Please keep the images out and set down the data exactly as given.

**Data block:**
______________________________

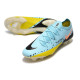 Nike Phantom GT2 Elite FG Fotbollsskor Lucent - Turkos Svart Gul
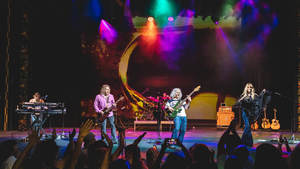 TUSK: The Classic Tribute to Fleetwood Mac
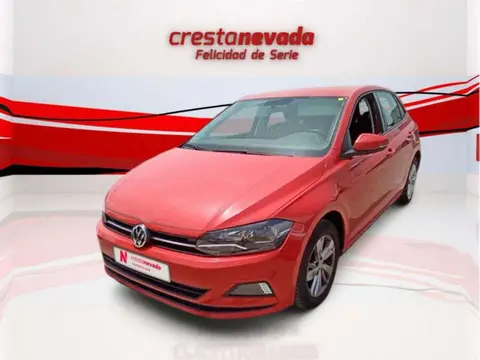 Used VOLKSWAGEN POLO Petrol 2019 Ad 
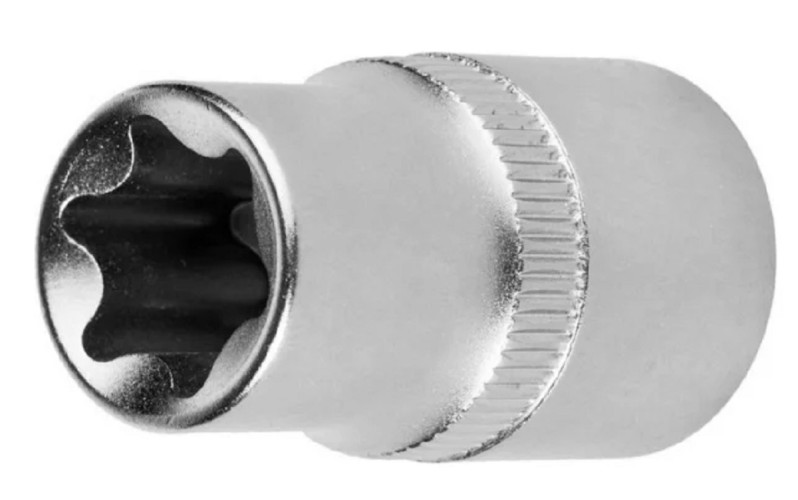 Головка торцевая Е-Стандарт AFFIX AF00023004 TORX 1/4", E4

______________________________

**Reply to the task:**
 Nike Phantom GT2 Elite FG Fotbollsskor Lucent - Turkos Svart Gul
 TUSK: The Classic Tribute to Fleetwood Mac
 Used VOLKSWAGEN POLO Petrol 2019 Ad 
 Головка торцевая Е-Стандарт AFFIX AF00023004 TORX 1/4", E4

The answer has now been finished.